Встряхнулась чайка, встрепенулась, полетела. Вьется над бельником. Чем выше парит, тем будто больше становится. И вот стала она больше лебедя, крупнее степного орла. Так и брызжет солнце на ее шелковистых перьях. И вдруг ее крылья стали удлиняться. Спускается с каждого крыла на бельник по шелковой белой ленте — с аршин, поди, шириной. Чайка — в подоблачье, а ленты с крыльев — до самой земли. На ветру колышутся, блеском отливают. Упали ленты на бельник прямо к ногам девушек. На каждой ленте, как метки для отрезов на платье, — красные крапинки, словно ягоды.
Диво! А уж чайки и не видно больше. Изумились девушки. Подобрали ленты. Такого шелка и помещичьи, и купеческие жены-дочери не видали, не нашивали.
Сосчитали девушки те метки-крапинки, а их столько, сколько на бельнике девушек. По тем меткам-крапинкам разделили они шелк. Каждой — на платье, да и про запас останется.
Сшили они себе по шелковому платью. И вот что дивно: наденет девушка платье и станет в нем невидимкой. Голос слышно, а самой не видно. Знать, дарила Полянка такой наряд не на гулянку ходить, не хороводы водить.
Фабричники дружно между собой жили. Баскакинские — первые заводилы всех веселых затей. А первый весельчак Харлампий-ткач. Что сказку сказать, что присказку сложить, купцу Сазону промыть кости, неправду высмеять — это он умел.
Сазон послал раз сына Ерофея с товарами на ярмарку в Нижний Новгород. Лето знойное, удушливое стояло. На ярмарке смерть и слизнула Сазонова сына. Там его и зарыли.
Как-то на бельнике в воскресенье сазоновские фабричники затеяли хоровод. Дударь — в дудку, другой — в самогудку. Харлампий подмигнул Ермиле и давай править потешную песню про купецкого сына Ерофея Сазонова Катушкина:
Жил да был купец.
Был он плутень и скупец,
Обирало, скряга, жмот —
Задавил совсем народ!..
И пошли. Один скажет, как вмажет, другой новый узорец завяжет, да все складно и веселей не надо. Чем дальше потеха, тем больше смеха.

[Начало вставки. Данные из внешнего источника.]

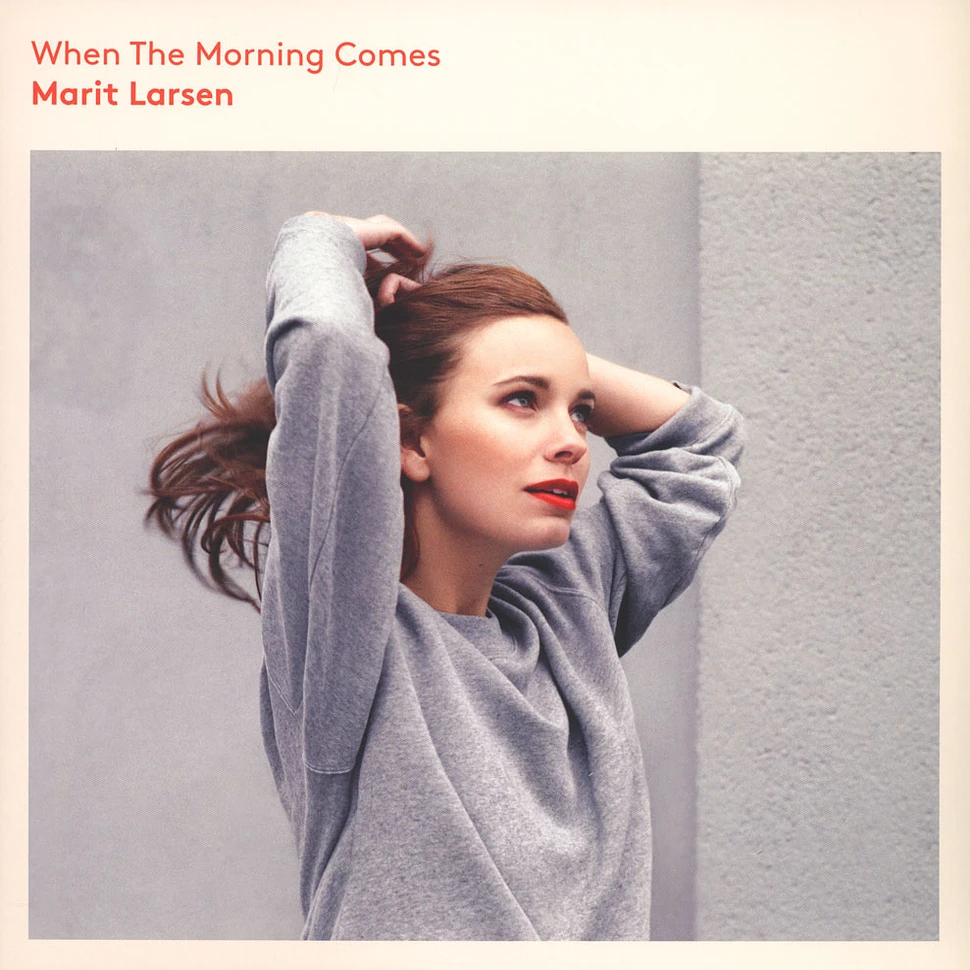 Marit Larsen - When The Morning Comes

А Сазон тут как тут на этот веселый час. Харлампия за грудки, да плечи у Харлампия высоки: у хозяина рука оказалась коротка.
— Кто ты есть, голяк? По Сибири скучаешь? Да я тебя истолку! Ты забыл, кто я?
А Харлампий ему брезгливо этак:
— И по рылу знать, что Сазоном звать, — повернулся да и пошел…
Аннушка сшила Харлампию рубашку из того Полянкиного шелка.
Собрались они раз прогуляться в ближнюю рощу.
А Сазон с базара возвращается. Пряжей торговать ездил. Никого на лужайке нет. Слышит: поют опять потешную песню. Голос Харлампиев слышен. Как сыч на осине, вертит Сазон головой во все стороны. Никого не видит. А поют-то рядом. Испугался купец, погнал гнедого.